Work item
Whenever the word "Rechargeable" shows up in a line of the data, copy that line.

Crawled caption data:
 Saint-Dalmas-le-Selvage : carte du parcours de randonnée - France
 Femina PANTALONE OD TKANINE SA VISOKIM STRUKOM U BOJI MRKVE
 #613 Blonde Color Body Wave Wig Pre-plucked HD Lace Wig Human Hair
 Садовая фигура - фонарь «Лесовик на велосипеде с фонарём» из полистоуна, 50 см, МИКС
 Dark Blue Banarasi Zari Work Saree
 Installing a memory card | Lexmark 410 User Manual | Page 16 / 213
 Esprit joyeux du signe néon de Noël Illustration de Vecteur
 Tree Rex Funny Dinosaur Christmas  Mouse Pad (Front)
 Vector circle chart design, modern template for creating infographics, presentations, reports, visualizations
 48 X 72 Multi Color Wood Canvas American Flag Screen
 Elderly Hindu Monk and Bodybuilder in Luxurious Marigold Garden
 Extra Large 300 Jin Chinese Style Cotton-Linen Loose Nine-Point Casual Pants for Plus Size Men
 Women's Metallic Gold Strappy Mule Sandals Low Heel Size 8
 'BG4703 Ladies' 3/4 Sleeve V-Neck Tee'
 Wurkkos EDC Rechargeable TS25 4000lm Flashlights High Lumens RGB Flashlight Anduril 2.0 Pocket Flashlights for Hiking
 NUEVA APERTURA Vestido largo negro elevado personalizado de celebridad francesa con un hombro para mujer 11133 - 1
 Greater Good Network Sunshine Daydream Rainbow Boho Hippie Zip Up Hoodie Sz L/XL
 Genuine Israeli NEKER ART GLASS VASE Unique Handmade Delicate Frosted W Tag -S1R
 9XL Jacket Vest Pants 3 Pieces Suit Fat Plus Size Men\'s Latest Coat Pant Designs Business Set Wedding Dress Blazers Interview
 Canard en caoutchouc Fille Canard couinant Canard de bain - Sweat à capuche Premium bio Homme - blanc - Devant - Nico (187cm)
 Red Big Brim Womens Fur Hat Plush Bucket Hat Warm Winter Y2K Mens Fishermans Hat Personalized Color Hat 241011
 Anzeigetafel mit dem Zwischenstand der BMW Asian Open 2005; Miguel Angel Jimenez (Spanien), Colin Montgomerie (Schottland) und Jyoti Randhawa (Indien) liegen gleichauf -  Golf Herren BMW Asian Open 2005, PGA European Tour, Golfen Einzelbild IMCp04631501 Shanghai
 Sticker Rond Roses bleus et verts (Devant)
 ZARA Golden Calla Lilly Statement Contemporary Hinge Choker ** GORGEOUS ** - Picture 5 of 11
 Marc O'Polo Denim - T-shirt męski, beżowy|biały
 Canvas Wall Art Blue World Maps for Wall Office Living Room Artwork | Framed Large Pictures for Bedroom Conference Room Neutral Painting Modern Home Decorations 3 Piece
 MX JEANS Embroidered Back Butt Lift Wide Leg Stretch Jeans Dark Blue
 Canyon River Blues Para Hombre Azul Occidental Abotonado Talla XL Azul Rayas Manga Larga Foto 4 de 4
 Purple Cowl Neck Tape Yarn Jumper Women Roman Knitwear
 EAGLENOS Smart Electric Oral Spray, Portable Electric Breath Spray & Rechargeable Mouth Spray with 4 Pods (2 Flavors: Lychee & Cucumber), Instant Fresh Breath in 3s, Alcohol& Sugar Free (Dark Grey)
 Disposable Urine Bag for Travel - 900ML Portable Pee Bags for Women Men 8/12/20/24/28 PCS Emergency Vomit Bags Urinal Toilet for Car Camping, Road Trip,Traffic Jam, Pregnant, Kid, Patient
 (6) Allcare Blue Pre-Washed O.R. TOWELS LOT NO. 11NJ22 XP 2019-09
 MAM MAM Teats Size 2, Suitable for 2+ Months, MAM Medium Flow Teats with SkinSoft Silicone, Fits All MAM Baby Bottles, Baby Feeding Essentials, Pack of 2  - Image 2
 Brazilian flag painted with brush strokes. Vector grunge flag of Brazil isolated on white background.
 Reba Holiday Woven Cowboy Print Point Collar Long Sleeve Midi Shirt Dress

Answer box
 Wurkkos EDC Rechargeable TS25 4000lm Flashlights High Lumens RGB Flashlight Anduril 2.0 Pocket Flashlights for Hiking
 EAGLENOS Smart Electric Oral Spray, Portable Electric Breath Spray & Rechargeable Mouth Spray with 4 Pods (2 Flavors: Lychee & Cucumber), Instant Fresh Breath in 3s, Alcohol& Sugar Free (Dark Grey)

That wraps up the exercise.